If this was a side project you were doing for fun, I wouldn't care. But you've been going around pushing this on the fediverse and reddit, and seem to be trying to make money off of it. Giving you the benefit of the doubt, I'll assume you're a well-intentioned person led astray by a sycophantic LLM (which is very common) rather than a grifter.
i mentioned it in the post. 'Im aiming to create the “theoretically” most secure messaging app'... that is the goal. im not aiming for "more secure that whatsapp/signal"... but something fundamentally different in how it works. while things like webrtc and interest decentralized technology has been around for a long time, there wasnt something as general-purpose like what im aiming for.

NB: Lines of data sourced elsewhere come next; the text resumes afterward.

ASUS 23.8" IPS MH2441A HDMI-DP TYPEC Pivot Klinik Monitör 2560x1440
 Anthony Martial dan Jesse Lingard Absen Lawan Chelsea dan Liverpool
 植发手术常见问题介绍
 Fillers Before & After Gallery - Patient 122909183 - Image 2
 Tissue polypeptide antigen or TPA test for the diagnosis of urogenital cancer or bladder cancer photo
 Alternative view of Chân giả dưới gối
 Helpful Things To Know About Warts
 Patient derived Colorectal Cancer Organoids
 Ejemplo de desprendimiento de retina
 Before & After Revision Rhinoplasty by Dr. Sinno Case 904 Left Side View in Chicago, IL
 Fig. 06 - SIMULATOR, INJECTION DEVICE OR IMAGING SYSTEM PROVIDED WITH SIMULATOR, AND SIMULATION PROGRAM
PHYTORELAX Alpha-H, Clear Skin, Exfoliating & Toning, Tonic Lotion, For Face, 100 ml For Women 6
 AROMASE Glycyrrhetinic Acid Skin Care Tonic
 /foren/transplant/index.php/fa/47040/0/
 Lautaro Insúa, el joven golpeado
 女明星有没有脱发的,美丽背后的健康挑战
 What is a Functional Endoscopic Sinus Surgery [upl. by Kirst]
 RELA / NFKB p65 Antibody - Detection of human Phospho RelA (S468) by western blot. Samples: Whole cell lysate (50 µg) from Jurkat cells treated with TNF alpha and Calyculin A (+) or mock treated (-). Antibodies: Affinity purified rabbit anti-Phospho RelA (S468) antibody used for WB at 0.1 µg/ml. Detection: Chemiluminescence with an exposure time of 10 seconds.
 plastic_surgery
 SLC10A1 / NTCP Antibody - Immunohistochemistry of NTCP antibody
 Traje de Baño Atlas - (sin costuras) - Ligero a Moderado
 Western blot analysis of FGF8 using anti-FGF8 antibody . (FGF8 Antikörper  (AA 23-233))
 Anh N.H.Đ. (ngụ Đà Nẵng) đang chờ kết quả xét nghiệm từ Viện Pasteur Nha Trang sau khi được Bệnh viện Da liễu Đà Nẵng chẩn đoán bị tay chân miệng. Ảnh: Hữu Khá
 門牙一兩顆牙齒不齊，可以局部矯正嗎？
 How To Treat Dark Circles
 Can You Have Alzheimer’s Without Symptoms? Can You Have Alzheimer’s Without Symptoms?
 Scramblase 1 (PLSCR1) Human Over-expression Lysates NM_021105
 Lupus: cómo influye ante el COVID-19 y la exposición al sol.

it started as a sideproject and i kept building on it. i hope to make money out of it and have something that can support me (because ya know... bills to pay). i started off open source; naively thinking i would get open-source funding support if i demonstrated the concept to develop it further. i did several exhausting rounds of grant applications. it was an horrible experience on something outside my competence and towards the end i was dreading applying for grants knowing that they were going to reject my project. i also set up github sponsors, but nobody has donated... completely understandable for something that looks like a weekend project, but its clear that it isnt going to pay any bills.
you are fear-mongering again... its important for anyone reading this, the app works differently with user data. its all client-side. you dont need to add any personal info for it to work. ive linked how the data can be encrypted at rest. there are irresponsible ways to use any app, your data is not inherently at risk because of this implementation. if you are going to make such claims, you should make it against the code examples i've provided... or at least an example of what could go wrong.
i work hard on this project, so of course i promote the project on reddit and the fediverse, but you failed to mention that i also advise caution in all of my posts (including this). i hope its clear that such wording like "work-in-progress" works against marketing/promoting... i include it because its responsible to do on a project like this at its current stage.
its 2026 and AI is very prominent. people are indeed vibcoding some serious stuff. there is clearly a new wave of "developers" that dont have a concept of unit-testing, let alone the appriciation for them. ive been a developer for 10+ years and know how to do this "old-school", but using AI is clearly a huge enhacement so it understandably looks very vibecoded. its important to study, test and review what is produced. when people get hung up on "OmG YoU'rE UsInG AI", that seems to be an indicator for me that im not really having a real discussion. especially when i have code examples and unit tests... that doesnt mean my approach is without issues, but the code is right there. your concerns are well placed so i have some questions for you.
while you have no obligation to do anything for me, my point is that the code has been openly discussed for a while and other people have reached out about issues and i addressed them to get the project to where it is now. i have a lot more to do on the project before i can remove wording like "work-in-progress" in my communication about the project. the project is working as expected and i expect it will continue to improve.